# How do you find the exact values of costheta and sintheta when tantheta=-1/2?

Dec 21, 2016

$\sin t = \pm \frac{\sqrt{5}}{5}$
$\cos t = \pm \frac{2 \sqrt{5}}{5}$

#### Explanation:

Use trig identity:
${\cos}^{2} x = \frac{1}{1 + {\tan}^{2} x}$
${\cos}^{2} t = \frac{1}{1 + \frac{1}{4}} = \frac{1}{\frac{5}{4}} = \left(\frac{4}{5}\right)$
$\cos t = \pm \frac{2}{\sqrt{5}} = \pm \frac{2 \sqrt{5}}{5}$
${\sin}^{2} t = 1 - {\cos}^{2} t = 1 - \frac{4}{5} = \frac{5 - 4}{5} = \frac{1}{5}$
$\sin t = \pm \frac{1}{\sqrt{5}} = \pm \frac{\sqrt{5}}{5}$
Because tan $t = - \frac{1}{2}$, then t is in Quadrant II, or in Quadrant IV.
sin t and cos t in these 2 Quadrants have opposite signs.
a.

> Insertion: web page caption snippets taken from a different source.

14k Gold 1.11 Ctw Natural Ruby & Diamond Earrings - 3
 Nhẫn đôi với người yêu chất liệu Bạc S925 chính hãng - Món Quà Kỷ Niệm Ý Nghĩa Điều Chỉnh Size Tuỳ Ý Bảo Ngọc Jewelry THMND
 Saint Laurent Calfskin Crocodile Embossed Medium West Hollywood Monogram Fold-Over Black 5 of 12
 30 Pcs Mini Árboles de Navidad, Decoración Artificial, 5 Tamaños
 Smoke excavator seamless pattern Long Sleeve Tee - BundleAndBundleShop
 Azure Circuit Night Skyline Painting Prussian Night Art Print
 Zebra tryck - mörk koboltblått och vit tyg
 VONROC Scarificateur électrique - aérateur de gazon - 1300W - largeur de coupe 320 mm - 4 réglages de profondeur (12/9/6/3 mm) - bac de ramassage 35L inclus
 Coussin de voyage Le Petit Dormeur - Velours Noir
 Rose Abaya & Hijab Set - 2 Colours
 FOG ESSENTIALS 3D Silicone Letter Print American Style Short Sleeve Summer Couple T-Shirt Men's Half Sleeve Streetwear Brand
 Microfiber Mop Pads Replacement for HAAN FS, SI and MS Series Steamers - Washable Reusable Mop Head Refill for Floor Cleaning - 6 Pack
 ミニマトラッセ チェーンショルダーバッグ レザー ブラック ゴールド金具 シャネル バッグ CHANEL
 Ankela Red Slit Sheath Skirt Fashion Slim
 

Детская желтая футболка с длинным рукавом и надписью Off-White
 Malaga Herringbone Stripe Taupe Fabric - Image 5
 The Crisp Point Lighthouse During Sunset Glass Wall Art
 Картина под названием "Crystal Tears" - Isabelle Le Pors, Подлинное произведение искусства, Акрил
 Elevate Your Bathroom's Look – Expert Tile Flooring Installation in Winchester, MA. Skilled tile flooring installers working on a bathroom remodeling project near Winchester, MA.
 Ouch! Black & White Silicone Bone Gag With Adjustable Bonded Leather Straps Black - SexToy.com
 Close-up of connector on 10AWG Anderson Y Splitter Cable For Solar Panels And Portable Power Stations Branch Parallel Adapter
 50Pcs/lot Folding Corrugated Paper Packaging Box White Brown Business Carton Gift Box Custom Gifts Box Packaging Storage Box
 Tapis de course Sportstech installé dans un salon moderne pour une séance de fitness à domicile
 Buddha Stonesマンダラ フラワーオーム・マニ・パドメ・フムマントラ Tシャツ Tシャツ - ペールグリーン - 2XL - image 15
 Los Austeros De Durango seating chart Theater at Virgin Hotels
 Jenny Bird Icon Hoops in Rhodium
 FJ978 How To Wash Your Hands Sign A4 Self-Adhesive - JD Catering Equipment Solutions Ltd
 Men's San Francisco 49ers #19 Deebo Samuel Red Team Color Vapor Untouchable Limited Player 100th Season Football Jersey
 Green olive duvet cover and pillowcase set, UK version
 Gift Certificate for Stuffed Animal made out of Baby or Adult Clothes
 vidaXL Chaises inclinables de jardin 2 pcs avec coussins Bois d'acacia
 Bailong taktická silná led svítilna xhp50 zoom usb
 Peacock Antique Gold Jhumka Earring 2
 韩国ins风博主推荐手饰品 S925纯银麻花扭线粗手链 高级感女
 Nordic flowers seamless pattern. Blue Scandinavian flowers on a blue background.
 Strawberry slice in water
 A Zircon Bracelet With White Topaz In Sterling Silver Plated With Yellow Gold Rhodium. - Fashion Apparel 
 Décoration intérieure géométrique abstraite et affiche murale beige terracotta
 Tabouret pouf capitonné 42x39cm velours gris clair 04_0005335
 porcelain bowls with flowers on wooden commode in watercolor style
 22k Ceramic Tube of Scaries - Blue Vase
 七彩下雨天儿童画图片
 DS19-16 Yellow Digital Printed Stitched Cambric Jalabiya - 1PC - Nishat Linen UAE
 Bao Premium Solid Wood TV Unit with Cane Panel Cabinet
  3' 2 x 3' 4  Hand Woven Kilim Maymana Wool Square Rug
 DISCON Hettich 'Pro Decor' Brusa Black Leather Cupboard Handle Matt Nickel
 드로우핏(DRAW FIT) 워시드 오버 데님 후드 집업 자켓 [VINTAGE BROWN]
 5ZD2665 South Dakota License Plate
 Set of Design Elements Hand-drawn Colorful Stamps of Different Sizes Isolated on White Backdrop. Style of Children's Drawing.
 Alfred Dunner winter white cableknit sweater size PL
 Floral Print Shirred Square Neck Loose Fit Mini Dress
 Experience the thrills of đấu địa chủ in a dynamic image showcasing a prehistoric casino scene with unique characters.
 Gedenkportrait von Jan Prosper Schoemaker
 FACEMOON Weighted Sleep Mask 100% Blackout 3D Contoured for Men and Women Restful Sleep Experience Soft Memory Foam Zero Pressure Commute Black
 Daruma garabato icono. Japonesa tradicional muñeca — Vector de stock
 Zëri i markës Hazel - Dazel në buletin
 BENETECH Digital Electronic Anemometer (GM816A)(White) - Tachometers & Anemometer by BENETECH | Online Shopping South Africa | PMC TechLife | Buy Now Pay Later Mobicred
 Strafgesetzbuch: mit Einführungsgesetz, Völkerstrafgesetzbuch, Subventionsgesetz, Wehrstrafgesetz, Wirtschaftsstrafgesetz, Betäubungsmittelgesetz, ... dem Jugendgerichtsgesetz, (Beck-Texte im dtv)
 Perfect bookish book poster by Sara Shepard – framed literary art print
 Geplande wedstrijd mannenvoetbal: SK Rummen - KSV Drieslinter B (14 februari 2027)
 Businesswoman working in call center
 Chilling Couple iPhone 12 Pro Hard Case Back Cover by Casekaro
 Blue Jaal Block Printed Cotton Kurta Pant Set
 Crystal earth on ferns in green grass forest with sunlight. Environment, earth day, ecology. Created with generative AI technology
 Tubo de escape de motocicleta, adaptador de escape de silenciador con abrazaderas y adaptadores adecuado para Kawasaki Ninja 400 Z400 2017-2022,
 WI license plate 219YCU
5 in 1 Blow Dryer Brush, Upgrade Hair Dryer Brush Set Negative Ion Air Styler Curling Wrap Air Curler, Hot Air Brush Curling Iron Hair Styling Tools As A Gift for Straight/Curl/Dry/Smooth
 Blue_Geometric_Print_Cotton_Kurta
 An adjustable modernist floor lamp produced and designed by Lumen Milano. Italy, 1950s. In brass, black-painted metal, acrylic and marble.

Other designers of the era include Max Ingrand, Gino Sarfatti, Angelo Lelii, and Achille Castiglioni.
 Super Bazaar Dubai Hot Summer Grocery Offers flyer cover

If t is in Quadrant II --> $\sin t = \frac{\sqrt{5}}{5}$, and $\cos t = - \frac{2 \sqrt{5}}{5}$, and $\tan t = - \frac{1}{2}$
b. If t is in Quadrant IV --> $\sin t = - \frac{\sqrt{5}}{5}$, and $\cos t = \frac{2 \sqrt{5}}{5}$, and $\tan t = - \frac{1}{2}$.